Mali : le partenariat avec la Russie en question après des échecs militaires
Ce samedi 25 avril 2026, le Mali a vécu une journée charnière qui a ébranlé les fondements de sa collaboration avec la Russie. Entre les détonations à Kati, épicentre du pouvoir militaire malien, et les attaques coordonnées dans le Nord, notamment à Kidal, le récit d’une « libération par l’Est » s’effondre. Les limites des forces Africa Corps sur le terrain ont révélé une réalité bien plus sombre que les promesses initiales.
Les habitants de Bamako et les soldats des garnisons du Nord ont été réveillés en sursaut par des explosions qui ont rappelé, de manière brutale, que le partenariat russe n’était pas la panacée tant vantée contre les groupes armés.

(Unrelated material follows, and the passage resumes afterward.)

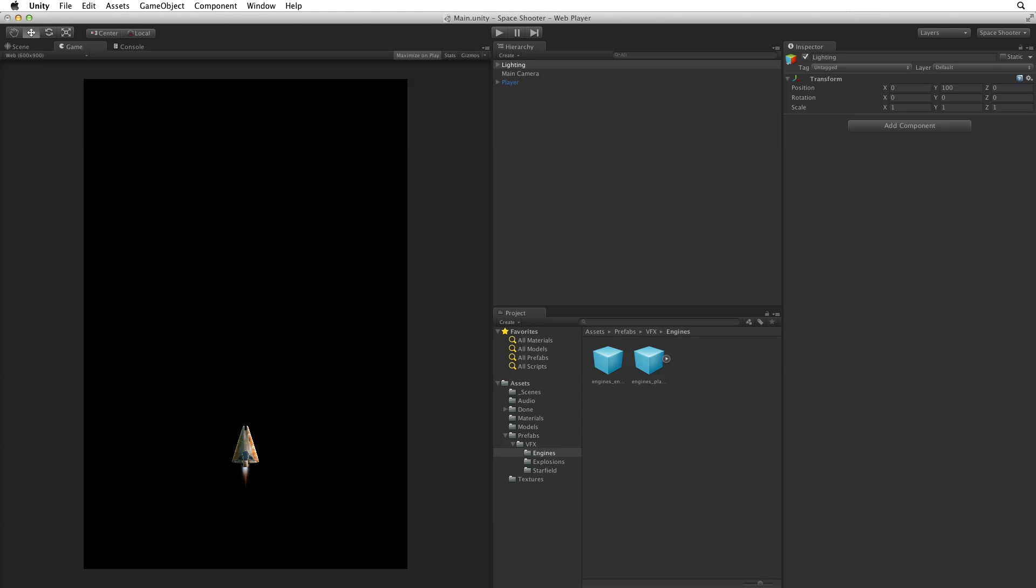We're making a space game and space is, well, black. But flat black is boring. So let's add a background to our game.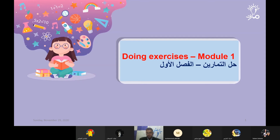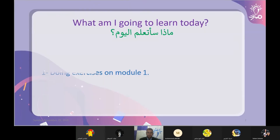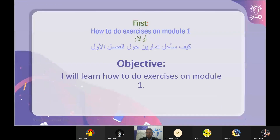Let's do some exercises. Before we begin, let's talk about the lesson objective. What am I going to learn today? We're focusing on doing exercises on module one. The objective of the lesson is: how to do exercises on module one — how to solve exercises around the first unit.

Les blindés calcinés, les camps assiégés et une pression militaire qui ne faiblit pas ont confirmé l’échec cuisant de cette stratégie.

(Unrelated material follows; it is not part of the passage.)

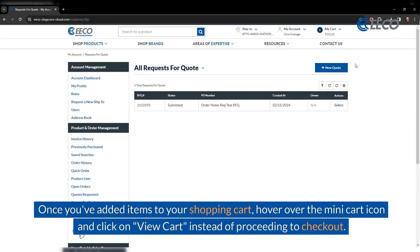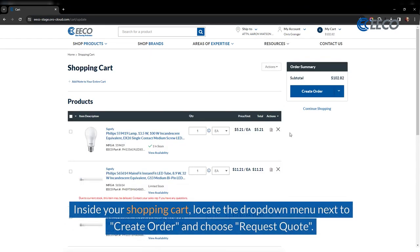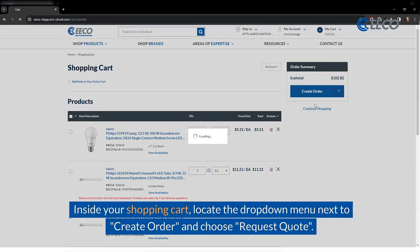Once you've added items to your shopping cart, hover over the mini cart icon and click on view cart instead of proceeding to checkout. Inside your shopping cart, locate the drop-down menu next to create order and choose request a quote.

l’illusion d’une sécurité garantie par Moscou
Pendant des mois, les discours officiels ont martelé que les « instructeurs » russes résoudraient la crise sécuritaire en un temps record. Pourtant, ce matin, la situation n’a jamais été aussi dégradée. Les attaques plus organisées et les pertes matérielles élevées démontrent que le modèle « tout-militaire » avec la Russie n’a apporté ni stabilité ni sécurité. Pire, il a braqué une partie de la population sans garantir le moindre gain territorial.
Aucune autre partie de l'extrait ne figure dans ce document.